[net.unix-wizards] Intermittant lockup of VAX

wayne@cylixd.UUCP (Wayne Steinmetz) (09/24/85)

Here's the problem.  On a very intermittant occasion, our 785 will hang
anywhere from 5 to 15 minutes.  During this time, nothing entered at
either a terminal or the console will be processed even though characters
are echoed back showing what you typed.  After the elapsed time has passed,
all processing continues as if nothing had ever happened (including a
flood of responses to the commands you typed in while the system was hung).

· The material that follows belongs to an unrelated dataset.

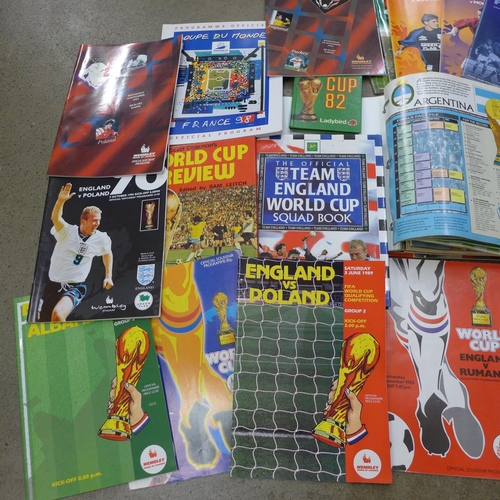 702 - Football memorabilia; a box of World Cup related books and programmes, 1950's onwards includes North...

We are running 4.1BSD on a VAX 11/780 converted to a 785.  Our root drive
is an RM03.  Both the root drive and the tape drive (a TU16 - ugh) share MBA0.
We are using SI 9751's on a SI 9900 controller as our peripheral drives.
We are also running with 12M of memory.

This problem started when we were just a 780 with 3 RM03's and the tape drive
on its own buss, so I don't think the hardware configuration is the problem.

If this type of problem has ever been experienced by anyone out there, we
sure would like to hear about.  Since it's so intermittant, it's very
difficult to get our local FE's in on the problem.


						STUMPED!

acheng@uiucdcs.CS.UIUC.EDU (09/25/85)

>/* Written  9:56 am  Sep 24, 1985 by wayne@cylixd.UUCP in uiucdcs:net.unix-wizar */
>/* ---------- "Intermittant lockup of VAX" ---------- */
>Here's the problem.  On a very intermittant occasion, our 785 will hang
>anywhere from 5 to 15 minutes.  During this time, nothing entered at
>either a terminal or the console will be processed even though characters
>are echoed back showing what you typed.  After the elapsed time has passed,
>all processing continues as if nothing had ever happened (including a
>flood of responses to the commands you typed in while the system was hung).
>

We have experienced something like that when we installed a tri-density
tape drive on one of our 750's.  Whenever the tape access was done
and rewinding, the whole system froze until the spinning back had
completed.  The bug was a hardware type in the tape controller.
The manufacturer later sent us a revision and it is all okay now.
Your problem may not be of tape drive but it is most likely
hardware.

----------------------------------------------------------------------
Albert Cheng
acheng@UIUC.ARPA	acheng@UIUC.CSNET	{ihnp4,pur-ee}!uiucdcs!acheng
Dept. of Computer Science, Univ. of Illinois-Urbana,
Rm. 240, 1304 W. Springfield, Urbana, IL 61801

%%% The above is the opinion of my own %%%
%%% and not necessarily that of the management. %%%

gwyn@brl-tgr.ARPA (Doug Gwyn <gwyn>) (09/27/85)

> Here's the problem.  On a very intermittant occasion, our 785 will hang
> anywhere from 5 to 15 minutes.  During this time, nothing entered at
> either a terminal or the console will be processed even though characters
> are echoed back showing what you typed.  After the elapsed time has passed,
> all processing continues as if nothing had ever happened (including a
> flood of responses to the commands you typed in while the system was hung).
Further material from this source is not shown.